To: Buckey who wrote (2514)12/23/1997 11:48:00 PM
From: Ed Pakstas  Respond to of 11676
 
John: Re: Jitney...The best thing I can do is give you and example...You are an Insider...You issue a buy/sell order through your Brokerage Firm, lets say, Whoreton...You instruct your broker that you do not want it sold through his firm...Broker phones his buddy at, let's say, Can-a-crap and tells his buddy to sell X number of shares of so and so company...

Can-a-crap shorts the stock into the market against delivery of the stock from Whoreton...Whoreton delivers the staock within 24 hours via IMS transfer...Can-a-crap settles the short position...

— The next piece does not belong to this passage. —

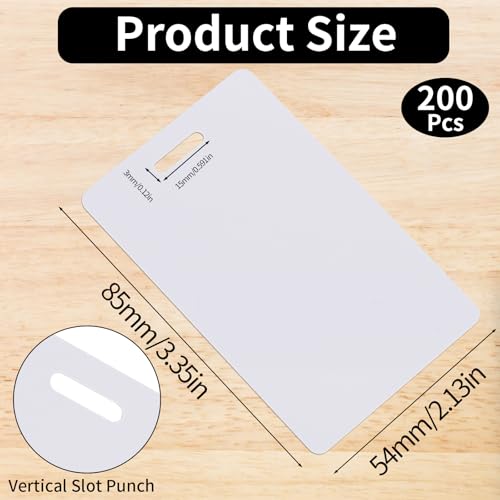 WAYASDCU 200PCS Blank Badge Cards with Slot Punch CR80 30Mil, PVC ID Cards for Business Office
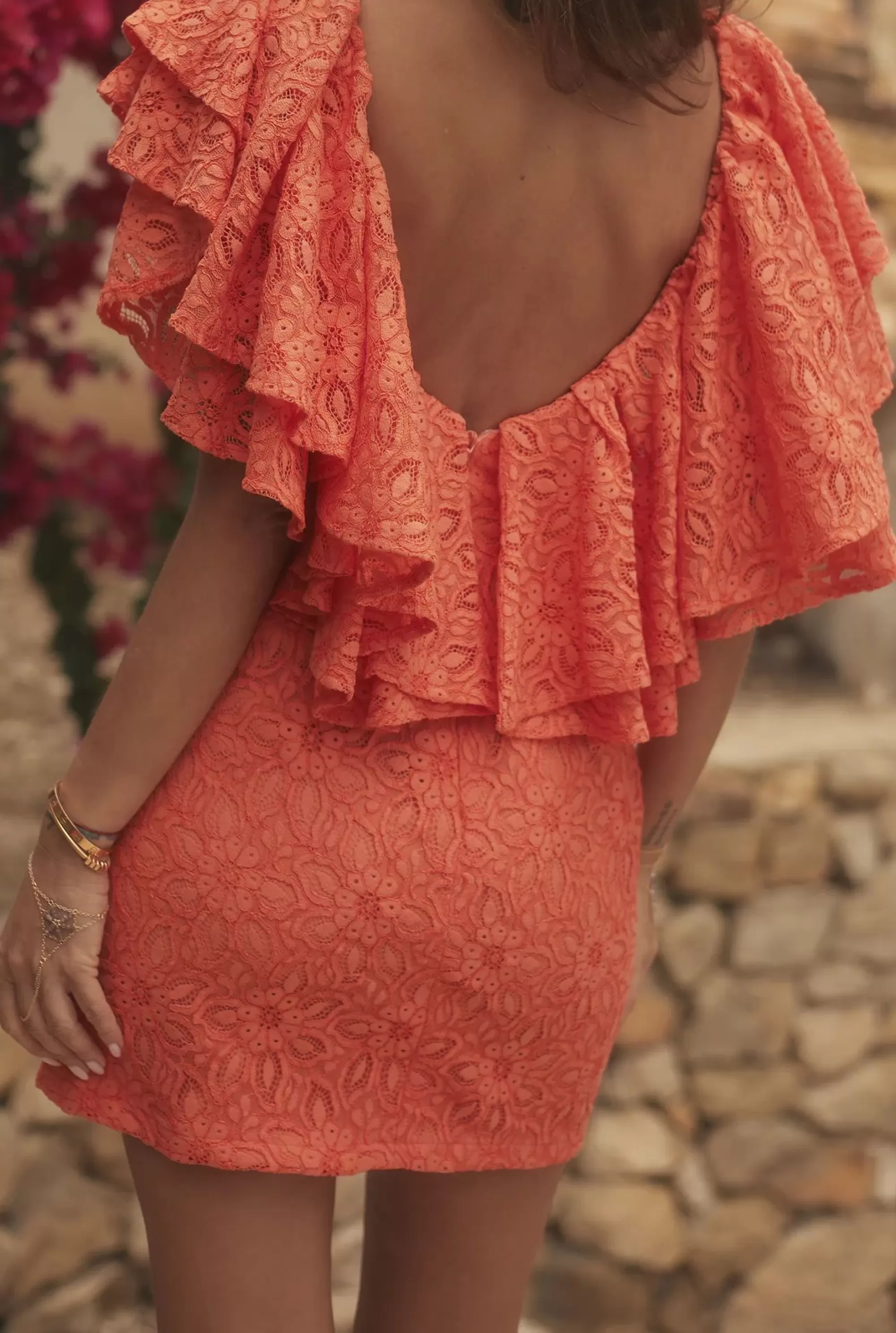 Sale Sucre - Elegant Mini Lace Dress In Invigorating Orange Women Christening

Only negative is that it just cost the client 2 comisasions...IMO, it's an expensive way to hide...

...ed



To: Buckey who wrote (2514)12/23/1997 11:52:00 PM
From: Surething  Respond to of 11676
 
John, To this day the origins of the word Jitney are unknown. In the early days of public transportation, private cars would cruise by street car stops and pick up passengers for a nickel. The term Jitney was applied to these unlicenced operators. After much outcry by licenced taxi companies, street car operators, not to mention scores of injuries and fatalities, civic leaders throughout North America banned this type of private transportation service.

How Jitney made the jump from this to its present day form one can only speculate. Maybe in the early days of Broker Dealers, licensed brokers would execute trades through an unlicenced "Broker Dealer" to hide the origin of the transaction. As Broker Dealers were phased out throughout Canada by the various regulatory authorities, this informal arrangement between brokerages remained in place. Now desk traders merely phone one of their contacts in another firm and ask them to execute a Jitney on say 10,000 shares of XYZ. The extra cost involved is little. I personally know of a couple of traders who make a good living mainly by executing Jitney trades all day. Added cost to client is about $25 on a $5000 trade.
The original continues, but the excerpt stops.